I was one of the lucky ones. Though I was physically displaced for almost a year after the storm, I still had a home in New Orleans, albeit one with some damage. I left New Orleans in the weeks after Katrina struck for a one-year fellowship at Princeton University. Living in Princeton, N.J., was a port in the proverbial storm. Everything there was seemingly normal. Everything functioned—stores were open and plentiful, banks were in buildings rather than temporary trailers, mail service was consistent, and the looming memory of death and destruction wasn’t omnipresent. Some of my colleagues from Dillard and elsewhere were impressed that I had landed at an Ivy League university during that difficult time and assumed that I would be productive, researching and writing all sorts of things. Instead I spent much of the year looking for a job. Dillard University sent many of us our last paycheck weeks after Katrina hit. I also grappled with the sheer trauma of my displacement, the displacement of friends and coworkers, the loss of life and housing, and the uncertainty of the present and future of New Orleans. This made it difficult to focus: to write and to produce.

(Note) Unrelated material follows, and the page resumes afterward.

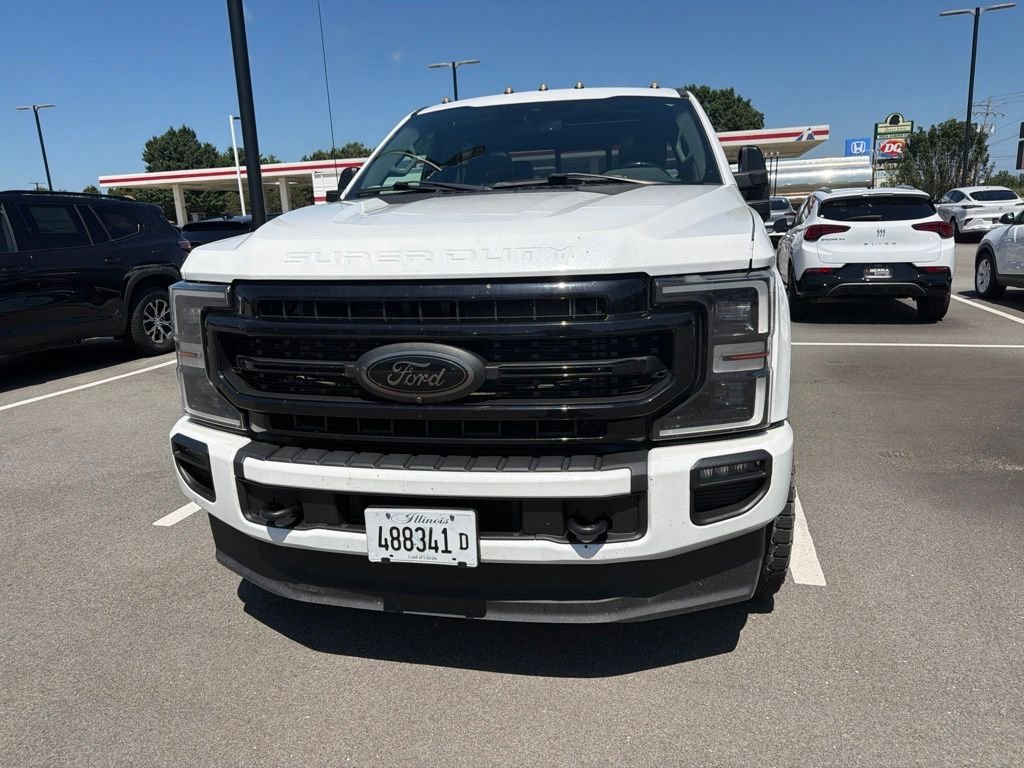 Used 2021 White Metallic Ford Lariat image 1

Just as I felt fortunate to be at Princeton in 2005–2006, I am lucky to be living amid the global COVID-19 pandemic. I now work in Delaware as a department chairperson and professor and I have the privilege of being able to work remotely. So many workers don’t have this privilege. Many of us in academia have been privileged to work remotely during the early months of this crisis. As we all know, health care workers are working tirelessly through this pandemic with great risk to their personal health, given the current lack of protective gear. Cashiers, delivery personnel, postal workers, restaurant cooks, childcare workers, gas station attendants and others are also working with the public. They don’t have the luxury of working remotely if they want to keep a job and job-sponsored health care insurance. Some of them work to the detriment of their own personal health security and that of their families.

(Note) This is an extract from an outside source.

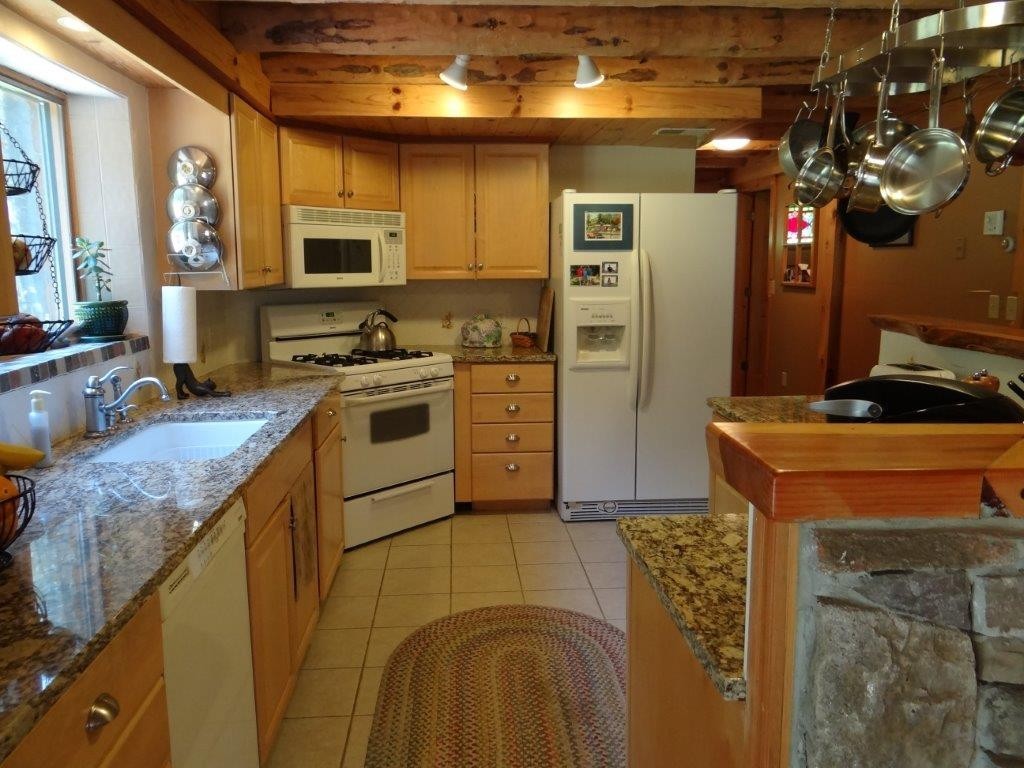 193 Notch Road Middlesex, VT 05602 - Photo 9 of 36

Having lived through the aftermath of Katrina, I find it somewhat easier to work during this crisis. However, there are also periods of great difficulty given the sheer gravity of the loss of life, the slow response, and the lingering public health threat. Furthermore, I see what is happened in Louisiana—where the Mardi Gras celebrations in February created a hot spot that infected thousands. I’m also witnessing the lag in response and the preparation of the Ernest N. Morial Convention Center to house patients battling COVID-19. The Morial Convention Center housed evacuees in the aftermath of Hurricane Katrina. Many suffered and others died as they waited desperately for help to arrive. There is an eerie feeling of déjà vu.

We are all collectively living through the worst global health crisis since the 1918 influenza pandemic. Our world will look different once this storm has passed. One of the lessons that I learned from living through Hurricane Katrina is that trauma seeps in even if you don’t expect it or acknowledge it. It is not possible to live through something of this magnitude and remain fully unscathed. Many people are already describing how hard it is to perform at the same level productivity of even a recent week’s past. This is a normal response and many of us experienced something similar after Katrina.

There will be rough patches ahead but what I know is that we’ll create a “new normal” from the ashes of COVID-19. What I learned from the tragic aftermath of Hurricane Katrina is that you can never fully recapture what existed before. New Orleans never returned to “normal” after Hurricane Katrina. It survived with great loss and pain and now swaths of it are transformed into something new. Similarly, it will be possible to take elements of our pre-COVID-19 lives and to create something anew.

 

Professor Donna A. Patterson is a department chairperson and professor at Delaware State University. She writes and teaches history and global health, including on Ebola and other epidemics. She visited West Africa during the 2014–2016 epidemic but this is her first time living through one.